Apple Calendar Ops
This skill is the Apple Calendar operation layer.
It handles stable calendar reads and writes. It does not do high-level scheduling, cross-system planning, or task prioritization.
Core boundary
Use this skill for concrete Apple Calendar operations:
- list calendars
- fetch events in a time range
- create an event
- update an event
- delete an event
Do not use this skill to decide how the day should be planned.

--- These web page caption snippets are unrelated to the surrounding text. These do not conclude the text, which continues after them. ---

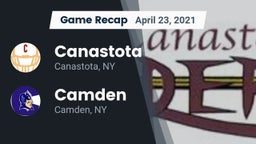 Recap: Canastota  vs. Camden  2021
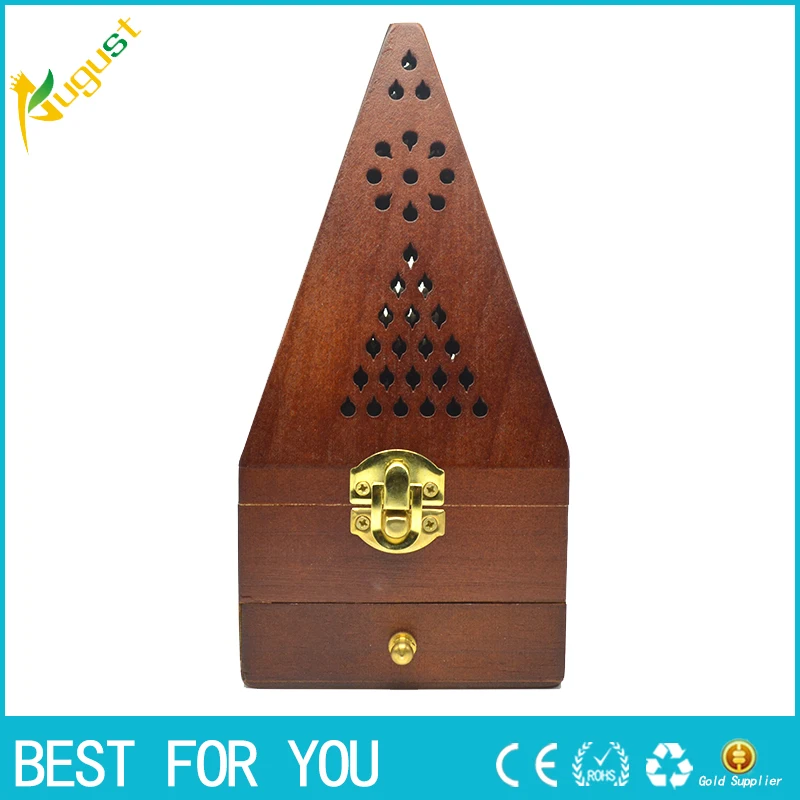 

Middle East Incense Burner Upgraded Version 20cm Tower Wooden Smoked Incense Burner with Ignition System Hot Sale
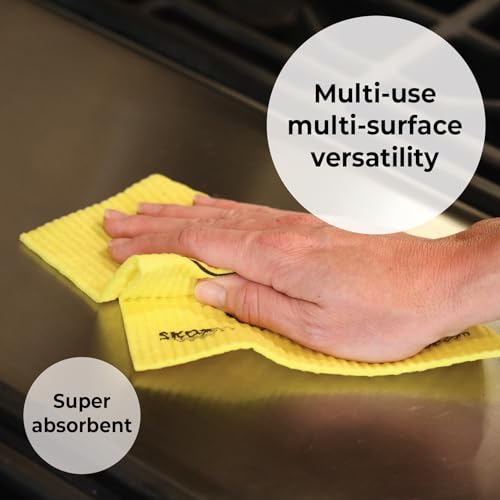 Skoy Swedish Dishcloths 4-Pack - Reusable, Eco-Friendly Cleaning Cloths
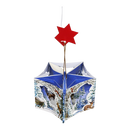 Popup Mini Book German Ornament - Frohes Fest Nature - Christmas >> Ornaments >> Novelty - by Coppenrath - view 3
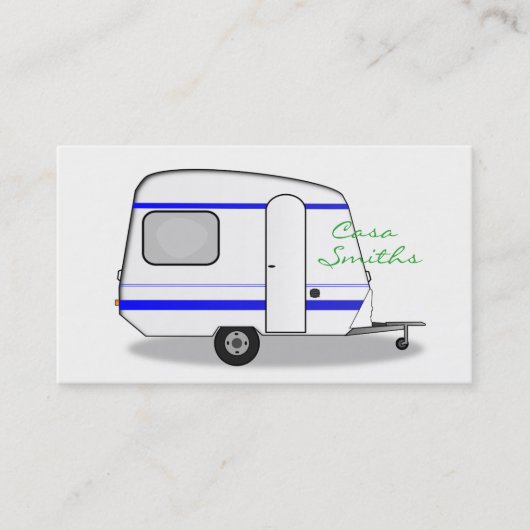 小さいトレーラーのジプシーのキャラバンThunder_Cove色 名刺 (正面)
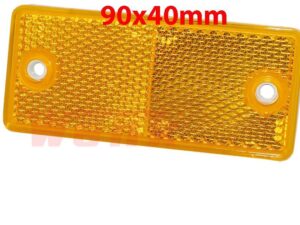 Rückstrahler gelb 90x40mm 2-Loch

That belongs to a higher-level task/orchestrator.
Operating rules
Default stance:
- reads are safe
- writes should be dry-run-friendly
- updates/deletes should prefer explicit event ids
- fuzzy title matching may help locate events, but should not be the only basis for risky writes
Credentials should come from /home/agent/.openclaw/workspace/secrets.json.
Read references/boundary.md before changing the skill's scope.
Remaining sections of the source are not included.